O fomento da previdência fechada _ Arnaldo Lima
Edição 370
A Previdência é um tema apaixonante, pois abrange todas as funções do setor público na economia: estabilização macroeconômica, eficiência alocativa e distribuição de renda. Nesse contexto, todos os governantes precisam se debruçar sobre os desafios financeiros e atuariais da Previdência, pois tais despesas ocupam parte relevante do orçamento público, o que torna o regime previdenciário a maior referência para o custo de oportunidade de alocar recursos em outras políticas públicas.
É notório que a contribuição dos empregadores em reconhecimento ao esforço contributivo dos seus empregados é o principal pilar do regime de previdência complementar (RPC), pois significa uma rentabilidade mensal de 100% nos casos em que a contribuição paritária é feita na proporção de R$ 1 patronal para cada R$ 1 dos trabalhadores, que é o limite máximo permitido no caso dos servidores públicos, conforme dispõe o §3º do art. 202 da Constituição (CF/88).
De fato, a contribuição do patrocinador mostra-se fundamental para os servidores, pois, com exceção daqueles que ganham um salário mínimo, todos terão perda de bem-estar significativa no momento de aposentadoria caso não tenham previdência complementar, haja vista que a grande maioria dos entes federativos já não oferecem mais a integralidade do benefício de aposentadoria como regra de cálculo. Com efeito, os entes públicos podem conceder paridade contributiva para os servidores que ganham abaixo do teto visando ter uma maior progressividade das despesas de pessoal, o que poderia ser pauta das negociações salariais, inclusive as lideradas pelo Ministério da Gestão e Inovação (MGI).
Faz-se indispensável esclarecer que não há regra constitucional que impeça os entes subnacionais de contribuir paritariamente com os servidores para a formação de sua previdência complementar, isso tanto para os servidores públicos que ganham acima do teto do INSS, quanto aqueles que recebem valores abaixo desse limite. Isso porque, considerando-se que os Regimes Próprios de Previdência Social (RPPS) são de competência legislativa concorrente entre a União, os Estados, o Distrito Federal e os Municípios (art. 24, XII da CF/88), os entes subnacionais podem conceder paridade contributiva para os seus servidores, já que cabe à União editar normas gerais sobre os RPPS e aos demais entes federativos estabelecer regras específicas, desde que não contrariem as normas gerais estabelecidas pela União.
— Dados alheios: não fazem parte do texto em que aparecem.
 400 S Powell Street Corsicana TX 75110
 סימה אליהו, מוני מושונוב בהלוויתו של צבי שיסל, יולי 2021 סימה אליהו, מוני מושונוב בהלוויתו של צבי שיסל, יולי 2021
Poder-se-ia argumentar que os §§ 2º e 14º do art. 40 vão de encontro à interpretação acima, pois exigem que seja observado o limite máximo dos benefícios do INSS para os entes federativos que implantarem RPC para os servidores públicos. Todavia, o limite do teto do INSS deve ser estabelecido para o pagamento das aposentadorias e das pensões no âmbito dos RPPS, o que não tem qualquer relação com as contribuições que o patrocinador público direciona ao RPC, as quais funcionam como importante instrumento de incentivo à adesão ou com o benefício especial, que tem natureza compensatória para os servidores que optam pela migração. Vale lembrar que o RPC é um regime autônomo em relação ao RGPS e RPPS (art. 202).
O cerne da discussão está consubstanciado no art. 40, §3º: “As regras para cálculo de proventos de aposentadoria serão disciplinadas em lei do respectivo ente federativo.” Ou seja, é competência exclusiva dos Estados, DF e municípios decidirem se concedem paridade contributiva para os servidores abaixo ou acima do teto, definirem as alíquotas previdenciárias, bem como o desenho dos diferentes tipos de benefício especial, desde que observado o equilíbrio financeiro e atuarial dos seus respectivos RPPS. Por exemplo, o plano previdenciário do município de Curitiba oferece paridade contributiva para os servidores que ganham abaixo do teto.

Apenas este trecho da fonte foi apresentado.